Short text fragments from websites
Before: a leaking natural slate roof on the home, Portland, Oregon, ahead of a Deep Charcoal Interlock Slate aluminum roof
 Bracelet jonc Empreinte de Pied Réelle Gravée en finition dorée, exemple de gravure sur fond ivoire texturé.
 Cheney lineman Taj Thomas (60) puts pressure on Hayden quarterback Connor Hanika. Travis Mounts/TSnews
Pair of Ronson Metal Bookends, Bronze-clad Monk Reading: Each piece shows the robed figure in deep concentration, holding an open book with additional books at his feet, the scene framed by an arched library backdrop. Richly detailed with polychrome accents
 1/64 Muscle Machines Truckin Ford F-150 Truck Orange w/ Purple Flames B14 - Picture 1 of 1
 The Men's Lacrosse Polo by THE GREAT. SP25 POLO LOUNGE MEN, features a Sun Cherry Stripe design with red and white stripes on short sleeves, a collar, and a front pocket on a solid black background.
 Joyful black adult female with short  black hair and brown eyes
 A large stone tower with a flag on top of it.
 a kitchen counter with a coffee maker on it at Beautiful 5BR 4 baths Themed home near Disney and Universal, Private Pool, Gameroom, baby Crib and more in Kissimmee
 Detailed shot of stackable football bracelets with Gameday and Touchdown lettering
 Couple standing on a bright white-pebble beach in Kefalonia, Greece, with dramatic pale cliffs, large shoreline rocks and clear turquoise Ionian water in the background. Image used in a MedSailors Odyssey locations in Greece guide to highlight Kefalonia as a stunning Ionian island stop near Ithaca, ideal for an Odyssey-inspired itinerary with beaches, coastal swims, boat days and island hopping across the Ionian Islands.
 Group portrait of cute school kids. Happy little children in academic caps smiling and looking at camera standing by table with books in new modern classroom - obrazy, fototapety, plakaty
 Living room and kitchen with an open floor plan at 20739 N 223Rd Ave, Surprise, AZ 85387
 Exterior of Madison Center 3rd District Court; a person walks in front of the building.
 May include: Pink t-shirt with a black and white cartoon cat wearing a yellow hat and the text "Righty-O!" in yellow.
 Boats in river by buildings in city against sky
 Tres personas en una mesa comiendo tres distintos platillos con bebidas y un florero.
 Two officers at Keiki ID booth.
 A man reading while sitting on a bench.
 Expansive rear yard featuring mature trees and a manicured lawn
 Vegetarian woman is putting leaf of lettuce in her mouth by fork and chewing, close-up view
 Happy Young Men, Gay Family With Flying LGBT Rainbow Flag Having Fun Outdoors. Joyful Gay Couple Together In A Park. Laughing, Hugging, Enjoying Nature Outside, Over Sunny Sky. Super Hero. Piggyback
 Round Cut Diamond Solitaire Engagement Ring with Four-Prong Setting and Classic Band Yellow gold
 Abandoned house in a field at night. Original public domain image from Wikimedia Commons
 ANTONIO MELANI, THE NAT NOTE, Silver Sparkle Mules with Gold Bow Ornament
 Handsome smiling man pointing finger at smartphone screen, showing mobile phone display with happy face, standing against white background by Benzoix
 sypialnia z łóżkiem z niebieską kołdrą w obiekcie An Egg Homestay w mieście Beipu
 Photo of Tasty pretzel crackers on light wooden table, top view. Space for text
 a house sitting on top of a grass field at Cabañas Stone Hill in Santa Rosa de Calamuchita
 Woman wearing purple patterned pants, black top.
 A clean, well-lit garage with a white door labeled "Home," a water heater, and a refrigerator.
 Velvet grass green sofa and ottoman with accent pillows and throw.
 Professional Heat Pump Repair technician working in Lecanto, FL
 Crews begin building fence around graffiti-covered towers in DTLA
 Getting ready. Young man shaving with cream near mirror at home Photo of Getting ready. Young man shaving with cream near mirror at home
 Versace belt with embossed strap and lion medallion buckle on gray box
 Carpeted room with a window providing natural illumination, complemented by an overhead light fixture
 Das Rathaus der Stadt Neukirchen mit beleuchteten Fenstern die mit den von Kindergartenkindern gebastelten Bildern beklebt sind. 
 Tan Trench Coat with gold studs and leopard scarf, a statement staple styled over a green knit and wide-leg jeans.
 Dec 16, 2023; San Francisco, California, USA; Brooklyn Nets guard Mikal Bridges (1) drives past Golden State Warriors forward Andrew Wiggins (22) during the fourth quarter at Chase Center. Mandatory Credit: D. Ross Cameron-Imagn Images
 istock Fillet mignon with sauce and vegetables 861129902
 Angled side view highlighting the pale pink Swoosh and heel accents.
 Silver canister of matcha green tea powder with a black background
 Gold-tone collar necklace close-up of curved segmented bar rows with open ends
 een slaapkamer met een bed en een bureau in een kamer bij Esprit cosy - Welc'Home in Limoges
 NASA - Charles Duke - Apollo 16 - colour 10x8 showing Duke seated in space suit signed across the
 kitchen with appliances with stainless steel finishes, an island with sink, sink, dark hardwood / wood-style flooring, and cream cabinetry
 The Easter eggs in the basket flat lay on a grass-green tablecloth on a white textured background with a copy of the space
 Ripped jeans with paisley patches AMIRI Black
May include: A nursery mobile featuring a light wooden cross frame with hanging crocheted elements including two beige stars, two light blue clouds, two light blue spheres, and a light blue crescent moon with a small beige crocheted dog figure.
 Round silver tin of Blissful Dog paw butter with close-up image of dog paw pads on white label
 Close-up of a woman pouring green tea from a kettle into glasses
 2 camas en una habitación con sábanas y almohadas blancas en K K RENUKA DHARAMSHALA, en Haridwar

◆ PROBLEM DETAILS ◆
Please copy, exactly and with nothing else, the lines above beginning at the line that has "Photo of Tasty" and ending with the line that has "istock Fillet mignon".

◆ YOUR SOLUTION ◆
 Photo of Tasty pretzel crackers on light wooden table, top view. Space for text
 a house sitting on top of a grass field at Cabañas Stone Hill in Santa Rosa de Calamuchita
 Woman wearing purple patterned pants, black top.
 A clean, well-lit garage with a white door labeled "Home," a water heater, and a refrigerator.
 Velvet grass green sofa and ottoman with accent pillows and throw.
 Professional Heat Pump Repair technician working in Lecanto, FL
 Crews begin building fence around graffiti-covered towers in DTLA
 Getting ready. Young man shaving with cream near mirror at home Photo of Getting ready. Young man shaving with cream near mirror at home
 Versace belt with embossed strap and lion medallion buckle on gray box
 Carpeted room with a window providing natural illumination, complemented by an overhead light fixture
 Das Rathaus der Stadt Neukirchen mit beleuchteten Fenstern die mit den von Kindergartenkindern gebastelten Bildern beklebt sind. 
 Tan Trench Coat with gold studs and leopard scarf, a statement staple styled over a green knit and wide-leg jeans.
 Dec 16, 2023; San Francisco, California, USA; Brooklyn Nets guard Mikal Bridges (1) drives past Golden State Warriors forward Andrew Wiggins (22) during the fourth quarter at Chase Center. Mandatory Credit: D. Ross Cameron-Imagn Images
 istock Fillet mignon with sauce and vegetables 861129902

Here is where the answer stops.